> _What is required_:
In the listing below, find the line with "Замена аккумулятора на" and the line with "Domus Grand Hotel in Quattromiglia, foto 4". Repeat those two lines and all lines between them exactly.

> _Records for the exercise_:

== Segment start ==

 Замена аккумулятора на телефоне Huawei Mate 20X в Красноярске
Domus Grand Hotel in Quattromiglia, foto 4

== Segment end ==
== Segment start ==

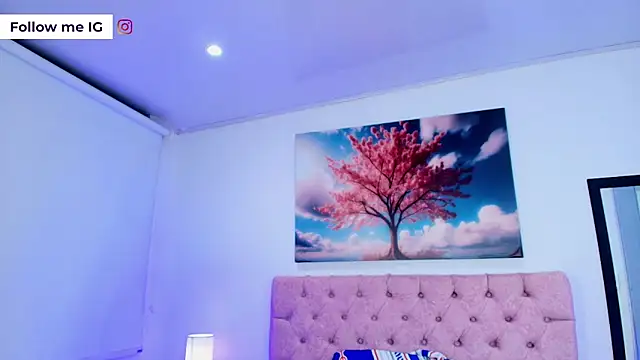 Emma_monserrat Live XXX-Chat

== Segment end ==

> _Response to this task_:
 Замена аккумулятора на телефоне Huawei Mate 20X в Красноярске
Domus Grand Hotel in Quattromiglia, foto 4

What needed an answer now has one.